The findings directly address the research question by showing that surgical masks substantially reduce the forward range and momentum of aerosol emission during professional singing and markedly reduce forward-moving ballistic droplets. Masks deflect aerosol through side and nose leaks into the singer’s near-field and upward regions, decreasing exposure risk for individuals positioned directly in front. The larger transverse spread with masks reflects leakage pathways, especially affecting small aerosols that follow airflow. The upward movement of aerosols is consistent with thermal convection around the warmer human body, suggesting that ceiling-mounted ventilation can aid removal. Combined with proper ventilation, masks can allow more compact choir arrangements with reduced cross-infection risk. The results align with prior studies showing mask effectiveness and leakage dynamics, extending them to professional singing with 3D dispersion assessment. However, because aerosols remain near the singer without effective ventilation, masking alone is insufficient in closed spaces; ventilation strategies are essential to mitigate accumulation.

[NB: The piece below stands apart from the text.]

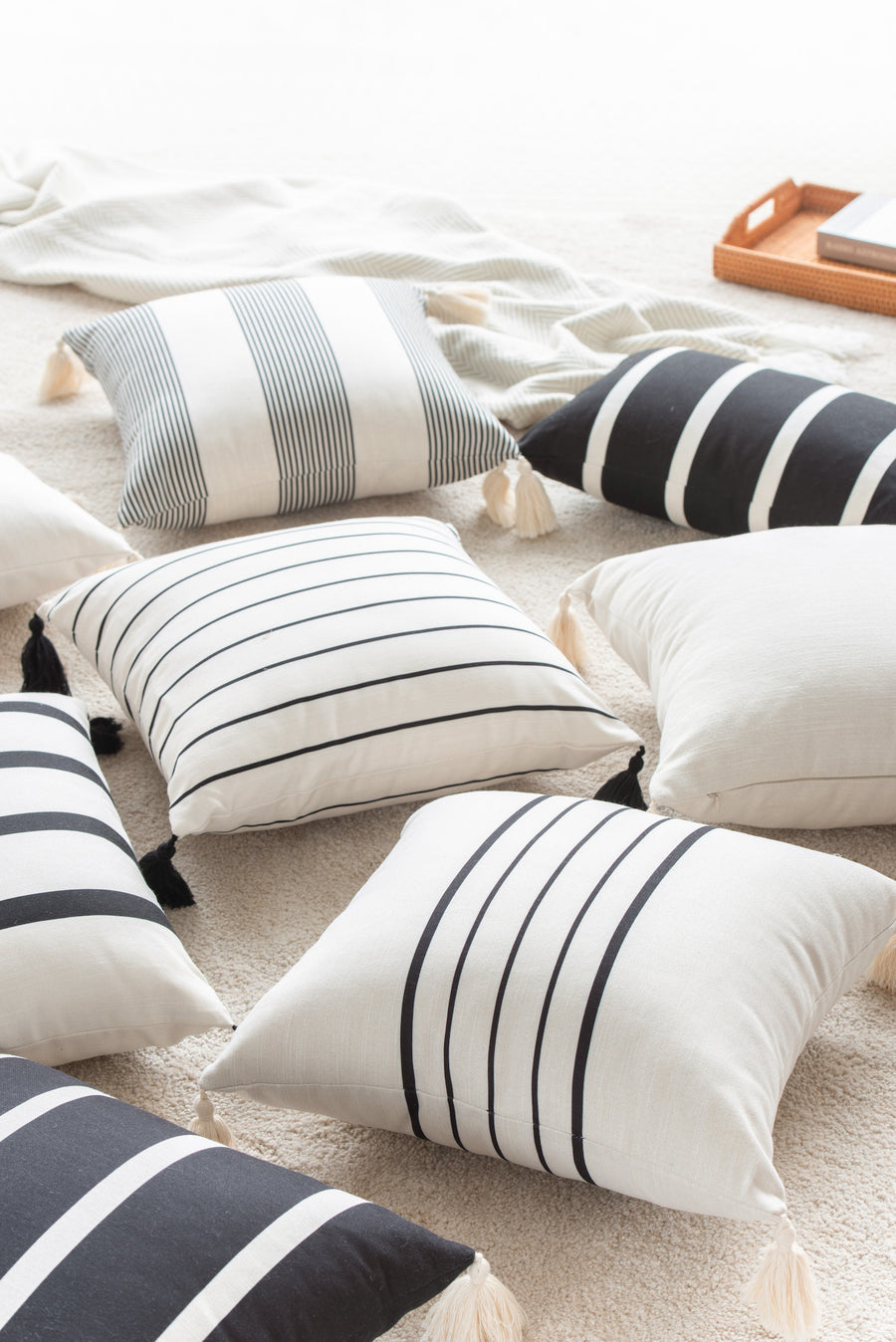 Moroccan Tassel Neutral Lumbar Pillow Cover, Stripes, Black Beige , 12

Surgical masks are effective in reducing the forward dispersion of aerosols during professional singing and substantially decrease ballistic droplet emission toward the front (up to 86% reduction for forward-moving droplets). Masks decelerate and deflect aerosols to the near-field around and above the singer’s head, limiting long-range exposure in front but increasing reliance on adequate ventilation to remove accumulated aerosols. While standard surgical masks are not optimized for professional singing due to articulation-induced leaks and fit issues, they remain a practical mitigation for lay choirs and congregational singing. Future work should develop singer-optimized masks minimizing leakage without compromising articulation or acoustics, and integrate ventilation assessments to quantify room-level aerosol clearance.
- Visualization used e-cigarette vapor as a surrogate, producing higher particle counts than natural exhalation; cloud boundaries depend on illumination and camera sensitivity, and regions with evaporated/diluted vapor may be undetected. - Human subject variability and unconfined flow unpredictability limit reproducibility, despite standardized protocols and 10 participants. - Droplet experiment measured relative changes only; ambient dust could not be fully excluded, and only droplets intersecting the thin laser sheet near the mouth were recorded, so totals are underestimates. - Particle sizes below ~10 µm could not be reliably sized (resolution ~60 µm/pixel), and some droplets may have escaped through mask leaks outside the ROI. - Measurements of dispersion focused on near-field dynamics; room-scale aerosol accumulation and clearance were not directly quantified.